Fig. 2.

Chemical labelling of C3 thioester bond. (A) Schematic representation of C3 polypeptide structure and primary activation products. Interchain disulfide bonds are represented by dotted lines, C3a in grey and product sizes are indicated. Protease activation of C3 by C3 convertases followed by a rapid reaction of the activated thioester to surrounding nucleophilic groups to form C3b bound nucleophile C3b(N). The labelling of C3 by the direct reaction of nucleophile with the thioester without protease C3a cleavage gives C3(N). FI and cofactor fH process C3b to iC3b by protease cleavage. The C3(N) conjugate possesses a C3b like structure and can be processed in the same way (Law and Dodds, 1997). (B) Temperature dependence of biotin–PEG₄–hydrazide labelling of purified C3. Purified C3 incubated with biotin–PEG₄–hydrazide for 1 h at indicated temperatures.
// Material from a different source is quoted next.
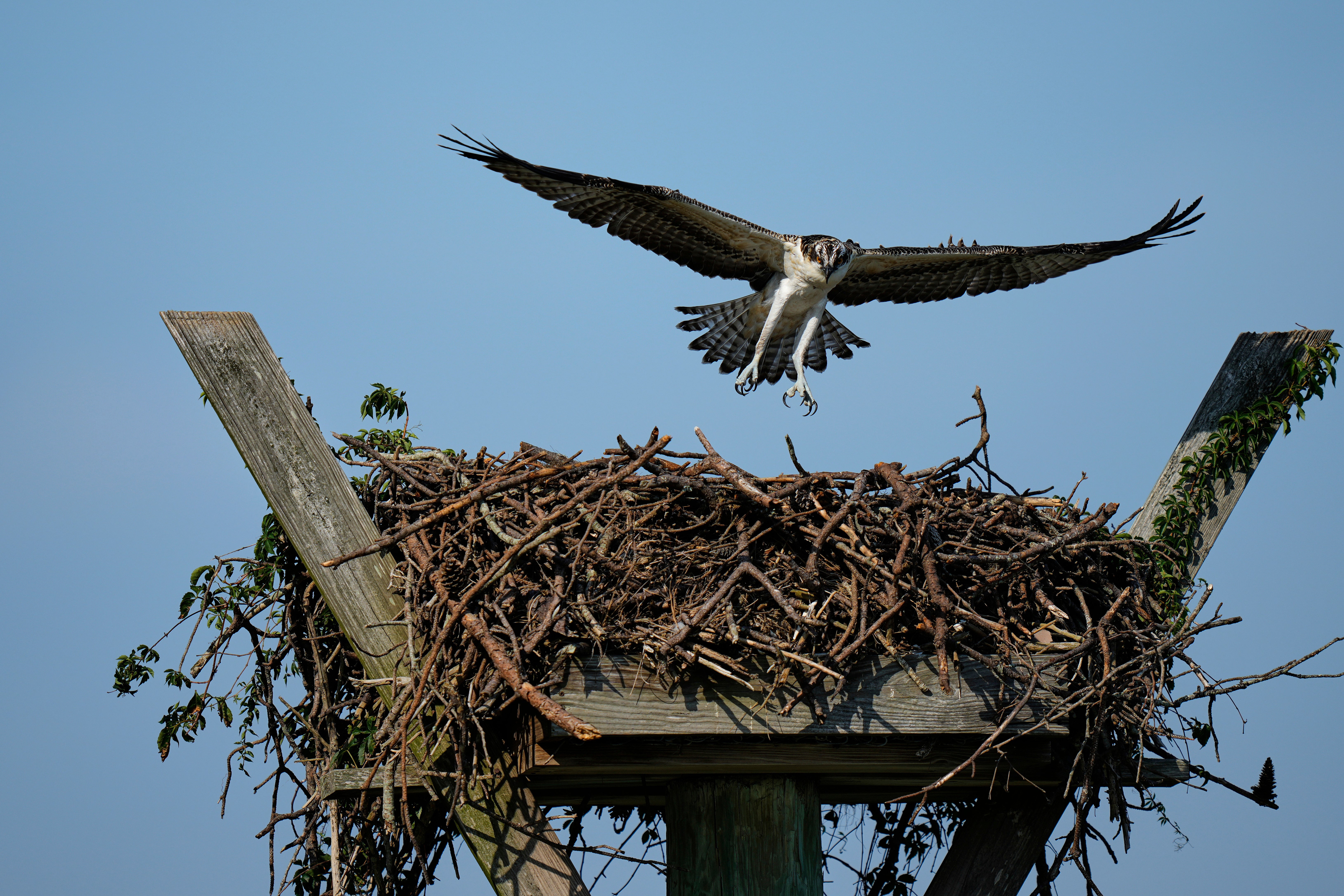 Osprey Fish Fight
Samples analysed by 6% SDS-PAGE by Western blots of SA-HRP. (C) SDS-PAGE for comparison of C3(N) processing with fI and fH: C3(NH₂NH₂) C3(bio), C3(H₂O) and C3. C3-conjugates were prepared by incubation with nucleophile at 52 °C for 1 h and dialysed in PBS before reaction with fI and fH for 1 h at rt. Processing of C3 detected by Coomassie staining.